6 Sep 2012

Mates set to make over £100,000 from Dolphin Square windfall

The questions about Michael Mates continue. It now appears that on top of the estimated £40,000 windfall he got from being a tenant of Dolphin Square, he’s now managed to use the money to make a substantial profit.

Yesterday Mr Mates tried to explain to me the situation over the huge windfall he got from giving up his tenancy of a flat in Dolphin Square in Westminster, after living there for three decades as an MP. Over that time his rent on Dolphin Square was met from his parliamentary allowances as an MP, i.e. public money. In effect, Mr Mates (like several dozen other MPs) got a huge financial jackpot from holding public office, and from the public purse meeting the cost of his renting a second home in London.

Mr Mates has explained to me that, with the permission of the commons fees office, he invested his windfall in a house in south London, as he needed a replacement place to live once he gave up the Dolphin Square flat in 2006. Fair enough.

Mr Mates also announced in 2006 that he planned to retire at the next election, and in 2010 he duly did so. He also promised in 2008 that once he stepped down as an MP, he would consult the Commons authorities on whether any of his Dolphin Square windfall should be paid to parliament. It has now almost two and a half years since Mates ceased being an MP, and he has confirmed to me that he has yet to carry out this consultation, let alone send the Commons authorities a cheque. Many of his Tory critics in Hampshire believe he has behaved very badly on this and cite it as a major reason for him to step down as the party’s candidate for Hampshire police commissioner.

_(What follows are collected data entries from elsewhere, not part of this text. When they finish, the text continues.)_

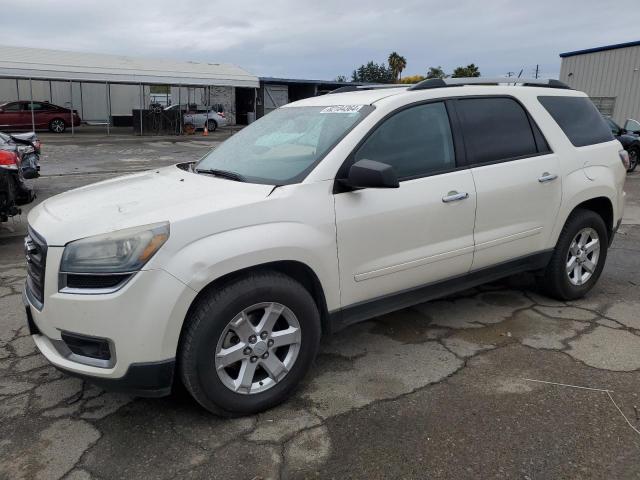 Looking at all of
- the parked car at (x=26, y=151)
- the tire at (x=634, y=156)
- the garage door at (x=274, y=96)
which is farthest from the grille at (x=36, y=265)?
the garage door at (x=274, y=96)

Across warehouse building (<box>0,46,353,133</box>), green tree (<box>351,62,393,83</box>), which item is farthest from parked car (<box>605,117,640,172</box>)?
green tree (<box>351,62,393,83</box>)

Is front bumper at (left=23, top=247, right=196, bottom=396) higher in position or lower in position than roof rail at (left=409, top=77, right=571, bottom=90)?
lower

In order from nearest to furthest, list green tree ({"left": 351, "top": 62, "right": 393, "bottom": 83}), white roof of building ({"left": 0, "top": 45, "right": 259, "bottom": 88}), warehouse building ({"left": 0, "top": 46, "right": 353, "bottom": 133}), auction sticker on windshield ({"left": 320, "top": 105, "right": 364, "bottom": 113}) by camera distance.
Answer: auction sticker on windshield ({"left": 320, "top": 105, "right": 364, "bottom": 113})
white roof of building ({"left": 0, "top": 45, "right": 259, "bottom": 88})
warehouse building ({"left": 0, "top": 46, "right": 353, "bottom": 133})
green tree ({"left": 351, "top": 62, "right": 393, "bottom": 83})

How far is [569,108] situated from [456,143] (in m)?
1.44

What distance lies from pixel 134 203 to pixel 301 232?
3.00 feet

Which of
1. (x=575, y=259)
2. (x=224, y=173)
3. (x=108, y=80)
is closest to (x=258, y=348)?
(x=224, y=173)

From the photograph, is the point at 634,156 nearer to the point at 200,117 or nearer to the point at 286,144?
the point at 286,144

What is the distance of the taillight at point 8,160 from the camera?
6707 mm

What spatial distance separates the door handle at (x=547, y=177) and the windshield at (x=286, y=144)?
Answer: 1510 mm

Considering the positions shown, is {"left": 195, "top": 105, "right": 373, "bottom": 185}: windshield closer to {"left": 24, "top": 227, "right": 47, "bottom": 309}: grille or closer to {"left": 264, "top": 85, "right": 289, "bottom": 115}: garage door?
{"left": 24, "top": 227, "right": 47, "bottom": 309}: grille

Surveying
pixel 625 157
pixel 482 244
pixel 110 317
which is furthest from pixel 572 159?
pixel 110 317

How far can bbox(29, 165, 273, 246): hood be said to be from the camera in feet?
8.81

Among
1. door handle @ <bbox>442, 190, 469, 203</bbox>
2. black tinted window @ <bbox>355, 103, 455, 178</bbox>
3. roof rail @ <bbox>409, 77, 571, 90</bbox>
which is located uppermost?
roof rail @ <bbox>409, 77, 571, 90</bbox>

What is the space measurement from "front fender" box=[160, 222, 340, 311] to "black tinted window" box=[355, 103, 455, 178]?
1.98 feet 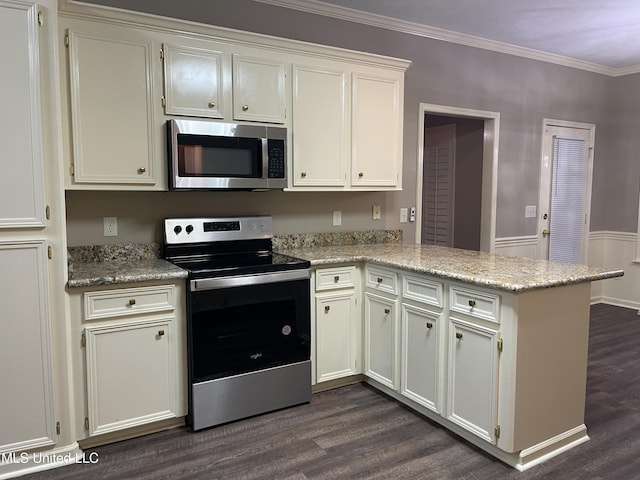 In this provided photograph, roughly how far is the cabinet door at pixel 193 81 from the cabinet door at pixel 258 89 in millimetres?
107

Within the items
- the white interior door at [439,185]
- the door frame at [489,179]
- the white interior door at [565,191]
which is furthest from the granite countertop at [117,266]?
the white interior door at [565,191]

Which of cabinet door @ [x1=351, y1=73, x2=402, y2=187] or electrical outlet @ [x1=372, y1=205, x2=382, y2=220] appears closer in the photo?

Mr Mates repeatedly refuses to say how much his windfall was, beyond telling me that it was less than the £48,000 which Sir Alan Beith was offered to give up a tenancy of similar length (and which he refused*).  I estimate Mates must have received something in the region of £40-45,000. He will no doubt let me know if that estimate is badly wrong.

Land Registry records show that Mr Mates and his wife Christine bought the house in Stockwell in July 2006 for £560,000. The house has recently been on the market for £775,000 and, according to both the estate agent and Mr Mates, it is now under offer.

Mr Mates looks set to make a significant profit on the property if the sale goes through. True, the house appears to have been up for sale for several months, so the offer is likely to be a fair bit less than £775,000 – around £740,000 perhaps. That would still entail a profit of £180,000, and after capital gains tax and various costs, that would be reduced to around £120,000.

So not only has Michael Mates enjoyed his Dolphin Square windfall of around £40,000 for more than six years now but he has also managed to use the money to clock up a substantial profit.

Mr Mates argues that since stepping down as an MP, he has had to meet the large monthly mortgage payments on the Stockwell house. But then it’s quite likely that his grown up step-children, who are registered as living at his Stockwell home, will have contributed to these costs.

All in all, Michael Mates appears to have done pretty well from his Dolphin Square windfall, at a time when other MPs have been obliged to pay much of their Dolphin Square windfalls back to the Commons.

*My original version of this blog incorrectly said that Sir Alan had taken the £48,000 offer. This is not the case – he declined it. I am very sorry to Sir Alan for this error. I was merely using his offer as an example to estimate how much Michael Mates might have received.